The WooCommerce Stripe payment gateway plugin was discovered to have a vulnerability that allows an attacker to steal customer personally identifiable information (PII) from stores using the plugin.
Security researchers warn that hackers do not need authentication to pull off the exploit, which received a rating of high, 7.5 on a scale of 1 – 10.
WooCommerce Stripe Payment Gateway Plugin
The Stripe payment gateway plugin, developed by WooCommerce, Automattic, WooThemes and other contributors, is installed in over 900,000 websites.
It offers an easy way for customers at WooCommerce stores to checkout, with a number of different credit cards and without having to open an account.
A Stripe account is automatically created at checkout, providing customers with a frictionless ecommerce shopping experience.
The plugin works through an application programming interface (API ).

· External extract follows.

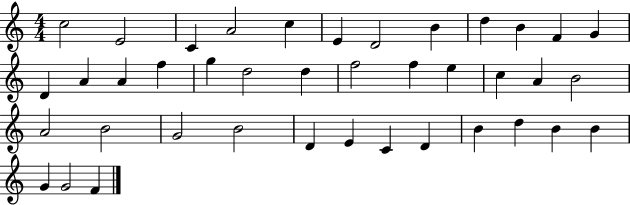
C5/h E4/h C4/q A4/h C5/q E4/q D4/h B4/q D5/q B4/q F4/q G4/q D4/q A4/q A4/q F5/q G5/q D5/h D5/q F5/h F5/q E5/q C5/q A4/q B4/h A4/h B4/h G4/h B4/h D4/q E4/q C4/q D4/q B4/q D5/q B4/q B4/q G4/q G4/h F4/q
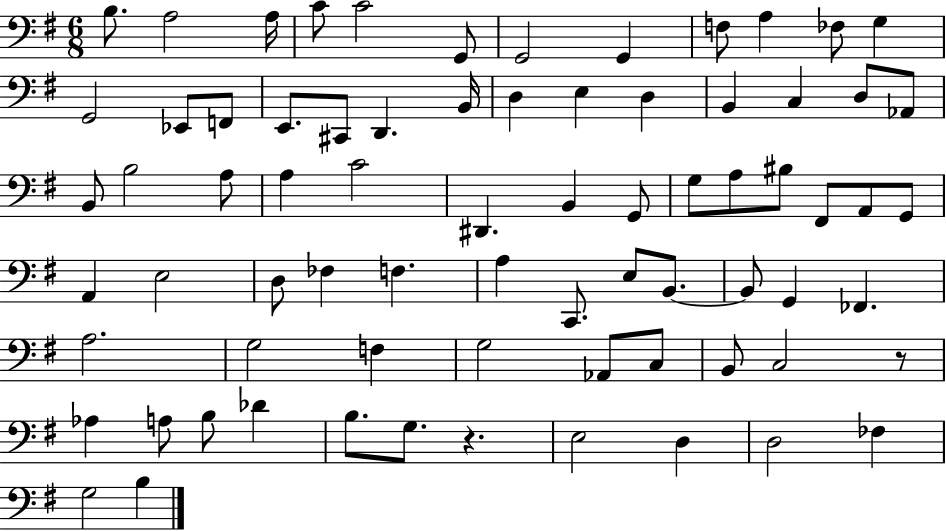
B3/e. A3/h A3/s C4/e C4/h G2/e G2/h G2/q F3/e A3/q FES3/e G3/q G2/h Eb2/e F2/e E2/e. C#2/e D2/q. B2/s D3/q E3/q D3/q B2/q C3/q D3/e Ab2/e B2/e B3/h A3/e A3/q C4/h D#2/q. B2/q G2/e G3/e A3/e BIS3/e F#2/e A2/e G2/e A2/q E3/h D3/e FES3/q F3/q. A3/q C2/e. E3/e B2/e. B2/e G2/q FES2/q. A3/h. G3/h F3/q G3/h Ab2/e C3/e B2/e C3/h R/e Ab3/q A3/e B3/e Db4/q B3/e. G3/e. R/q. E3/h D3/q D3/h FES3/q G3/h B3/q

An API is like a bridge between two software that allows the WooCommerce store to interact with the Stripe software to process orders from the website to Stripe seamlessly.
What is the Vulnerability in WooCommerce Stripe Plugin?
Security researchers at Patchstack discovered the vulnerability and responsibly disclosed it to the relevant parties.
According to security researchers at Patchstack:
“This plugin suffers from an Unauthenticated Insecure Direct Object Reference (IDOR) vulnerability.
This vulnerability allows any unauthenticated user to view any WooCommerce order’s PII data including email, user’s name, and full address.”
WooCommerce Stripe Plugin Versions Affected
The vulnerability affects versions prior to and equal to version 7.4.0.
Developers associated with the plugin updated it to version 7.4.1, which is the most secure version.
These were the security updates made, according to the official plugin changelog:
- “Fix – Add Order Key Validation.
- Fix – Add sanitization and escaping some outputs.”
There are a couple issues that needed a fix.
The first appears to be a lack of validation, which in general is a check to validate if a request is by an authorized entity.
The next one is sanitization, which refers to a process of blocking any input that is not valid. For example, if an input allows only text then it should be set up in a way that prohibits scripts from being uploaded.
What the changelog mentions is escaping outputs, which is a way to block unwanted and malicious inputs.
The non-profit security organization, Open Worldwide Application Security Project (OWASP) explains it like this:
“Encoding and escaping are defensive techniques meant to stop injection attacks.”
The official WordPress API handbook explains it this way:
“Escaping output is the process of securing output data by stripping out unwanted data, like malformed HTML or script tags.
This process helps secure your data prior to rendering it for the end user.”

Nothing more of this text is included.